Constance Dewy, que no podía desprenderse de una mujer insoportable, esposa de un ministro, miraba con envidia a Ruby y a Elizabeth. ¿Quién lo hubiera dicho?, se decía a sí misma, asintiendo y sonriendo a la letanía de lamentos que le relataba la mujer que estaba a su lado. Elizabeth y Ruby han decidido ser amigas. ¡Oh, eso sí que volverá loco a Alexander! Se lo merece por aislar a la pobre niña aquí sin ningún tipo de compañía.

Cuando llegaron los hombres envueltos en una miasma de humo de cigarrillo y oporto añejo, Elizabeth se puso de pie. Una pequeña parte de sí se preguntaba por qué Alexander estaría tan contento y el señor Robertson tan furioso.

—Ruby, me han dicho que tocas el piano y cantas maravillosamente —dijo—. ¿Nos harías el honor de deleitarnos esta noche?

—Por supuesto —respondió Ruby, sin demostrar la tradicional falsa modestia que indicaba la convención—. ¿Qué tal un poco de Beethoven y algunas arias de Gluck y, de postre, Stephen Foster?

Elizabeth la acompañó hasta el piano y acercó una silla para sentarse junto a ella.

Con la mirada baja, Alexander eligió una silla junto a Constance Dewy, que había logrado deshacerse de la insoportable mujer cuando habían entrado los hombres. El señor Dewy, Charles, se acomodó al otro lado de su esposa.

—Congenian bastante bien —dijo Constance alzando un poco la voz porque Ruby había empezado a tocar la «apassionata»—. Es una suerte que el embarazo de Elizabeth sea tan evidente, Alexander. De lo contrario la gente podría pensar que estáis involucrados en un ménage à trois.

—¡Constance! —exclamó Charles horrorizado.

—¡Shhhhh! —chistó ella.

A Alexander le brillaban los ojos. Dedicó una sonrisa agradecida a Constance y se entregó a escuchar aquella música celestial, intensificada para él por las miradas estupefactas de algunas mujeres. Jamás escucharían a una intérprete mejor ni en Londres ni en París.

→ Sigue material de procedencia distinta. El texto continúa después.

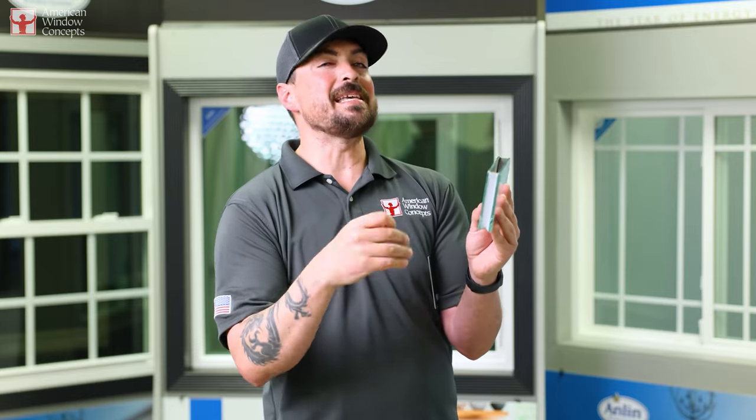If you've gotten a window replaced and it's on the south side of your house and the Low-E coating maybe isn't all that strong, and you think you need something else to kind of boost the power of this window, so you roll some tint on there — here's what's going to happen.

Cuando terminó con las sonatas y las arias, Ruby empezó a tocar y a cantar canciones populares. Elizabeth escuchaba y observaba extasiada. Esa mujer debería de ser una duquesa, como mínimo, pensó. Cuántas veces me angustié imaginando a esa niña de once años violada por su propio hermano, a pesar de mi intolerancia. Pero ahora entiendo lo cruel que puede ser la vida. ¡Oh, Ruby, lo lamento tanto!

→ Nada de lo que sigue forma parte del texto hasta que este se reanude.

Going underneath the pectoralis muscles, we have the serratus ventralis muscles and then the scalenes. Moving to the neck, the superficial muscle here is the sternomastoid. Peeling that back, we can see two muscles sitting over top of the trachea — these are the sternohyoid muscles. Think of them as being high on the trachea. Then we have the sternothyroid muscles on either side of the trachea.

Ruby, que se había dado cuenta del considerable dolor que debía de estar sintiendo Elizabeth con sus pies hinchados apretados dentro de los zapatos, se detuvo de golpe.

—Necesito un cigarro —dijo y encendió uno.

Una docena de mujeres carraspearon. Sin embargo, notó divertida Constance, Ruby lograba que la imagen de una mujer fumando un pequeño cigarro pareciera la cosa más natural del mundo. ¡Tengo que conocerte mejor, Ruby! No volveré a evitarte en las reuniones de Apocalipsis.

Un gesto imperioso de la dama del cigarro hizo que Alexander se acercara al piano. Su rostro informaba a los invitados de que la esposa y la amante de un hombre debían de llevarse bien entre ellas.

—Es hora de que Elizabeth se vaya a acostar, Alexander —dijo Ruby—. Acompáñala arriba y ayúdala a meterse en la cama.

Elizabeth se inclinó para besarla en la mejilla y después se retiró de la habitación del brazo de su marido, mientras Ruby retomaba su recital.

—¿Por qué no me dijiste que era tan agradable?

—¿Me habrías creído?

—No.

Jade y Pearl la estaban esperando, pero Elizabeth lo detuvo tomándolo de la chaqueta.

—Una vez que mi bebé haya nacido, Alexander, iré a Kinross cada vez que me dé la gana —dijo con la frente bien alta—. Además tengo intenciones de seguir viendo a Ruby.

El puso cara de aburrido.

—Como quieras, querida. Ahora ve a dormir.